→ **ACTIVITY**: In the records below, find the line that contains "Women's Hiking Pants" and the line that contains "Baby Bird in Daisies Painting Tote". Set down exactly those lines and every line between them, and nothing more.

→ **ENTRIES PROVIDED**:
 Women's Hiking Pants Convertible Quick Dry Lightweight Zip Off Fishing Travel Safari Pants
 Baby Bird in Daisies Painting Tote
---
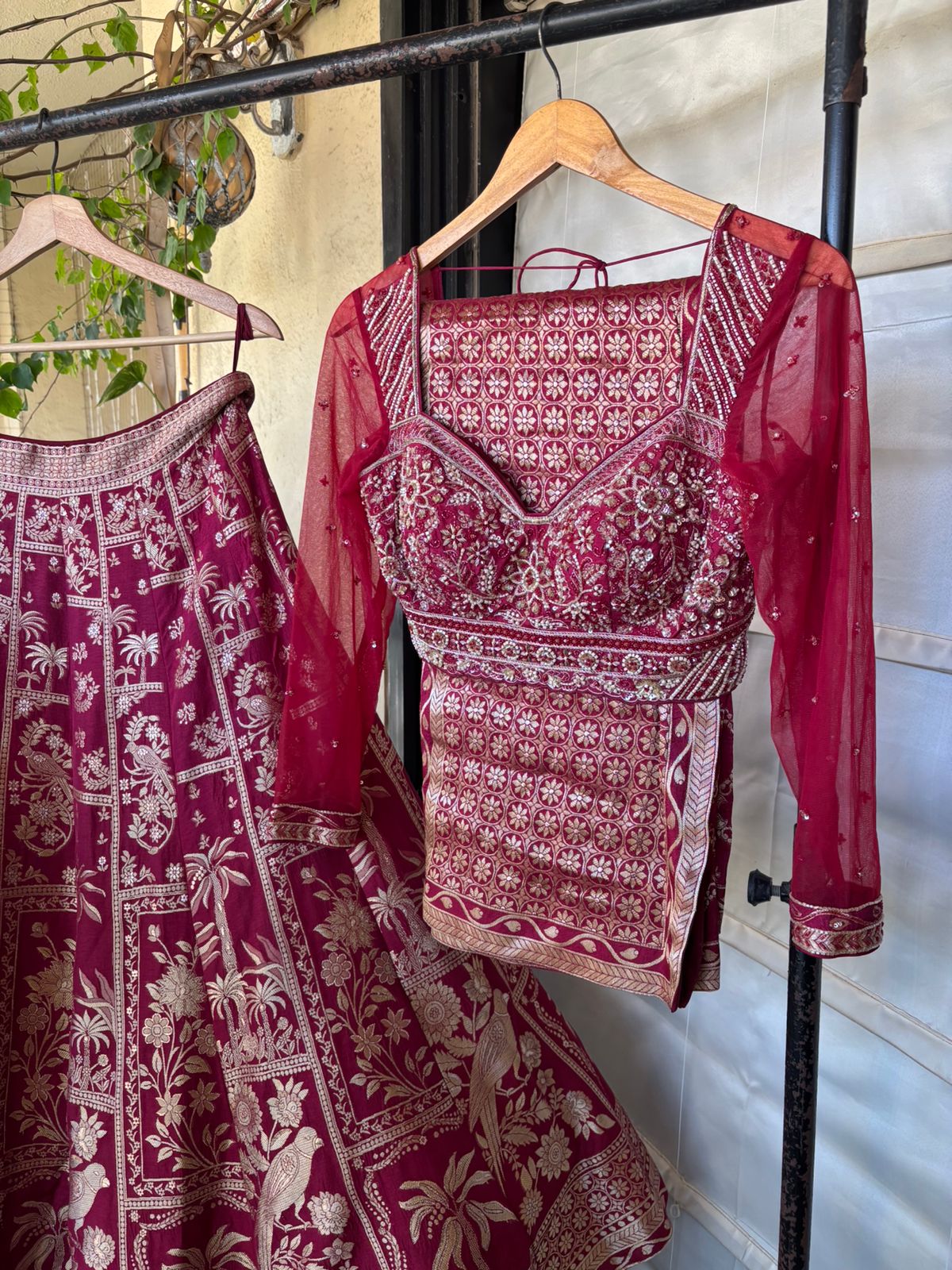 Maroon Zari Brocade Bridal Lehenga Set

→ **ANSWER TO THIS TASK**:
 Women's Hiking Pants Convertible Quick Dry Lightweight Zip Off Fishing Travel Safari Pants
 Baby Bird in Daisies Painting Tote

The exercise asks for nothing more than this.